Baltimore Orioles: MLB steps in it during their own moment
The Baltimore Orioles have seen their share of bad calls, both over the years and in 2019. We’ve also seen our share of that in the ongoing World Series, last night being no exception. I’m not going to explain what happened in the seventh inning, because I’m going to assume that most fans saw it or are aware of it at this point. If you aren’t, google it – you’ll find it!
Here’s my take; if you really want to go by the letter of the rule, the base runner’s foot was inside the first base line. So again by the true letter of the rule perhaps it was correct. However it was really borderline in the sense that it was close. Does MLB really want to make that close of a call in an elimination game in THE WORLD SERIES?
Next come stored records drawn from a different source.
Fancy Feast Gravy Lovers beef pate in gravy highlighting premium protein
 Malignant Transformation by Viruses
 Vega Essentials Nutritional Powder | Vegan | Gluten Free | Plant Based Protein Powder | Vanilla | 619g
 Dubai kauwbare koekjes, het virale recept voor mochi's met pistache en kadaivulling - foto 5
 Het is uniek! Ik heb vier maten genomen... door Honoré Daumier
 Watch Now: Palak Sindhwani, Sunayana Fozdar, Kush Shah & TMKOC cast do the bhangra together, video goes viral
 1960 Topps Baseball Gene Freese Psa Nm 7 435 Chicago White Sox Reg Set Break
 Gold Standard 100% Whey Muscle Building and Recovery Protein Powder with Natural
To make matters worse, it appeared that the umpires went to review the situation via instant replay. This on a play that isn’t reviewable to begin with. However according to the umpiring crew, they were never reviewing the play. They were looking for a rules clarification. Yet, once they got off the radios one of them signaled OUT.
And that might be the most incriminating part of this. If the play was never under review why would they need to reaffirm the call? End of the day, I think home plate umpire Sam Holbrooke knew that he made a mistake. And at the end of the day, it wasn’t one that could be covered up.
The Houston pitcher retired the first batter after this fiasco. He then proceeded to surrender a two-run homer. Pitchers are conditioned to be in the moment among other things. So when delays happen, it does affect them. That four to five minute delay in essence froze the Houston pitcher. Thus both teams should have a beef with the situation.
If I were either manager in tonight’s game seven, I’d make it clear in no uncertain terms that my expectation is that nothing shady will be occurring on behalf of the umpires in the game. And if it does, I’ll be pulling my team off the field. If that sounds draconian, keep in mind that you’d be daring MLB to declare a World Series Champion by forfeit. And it would serve them right.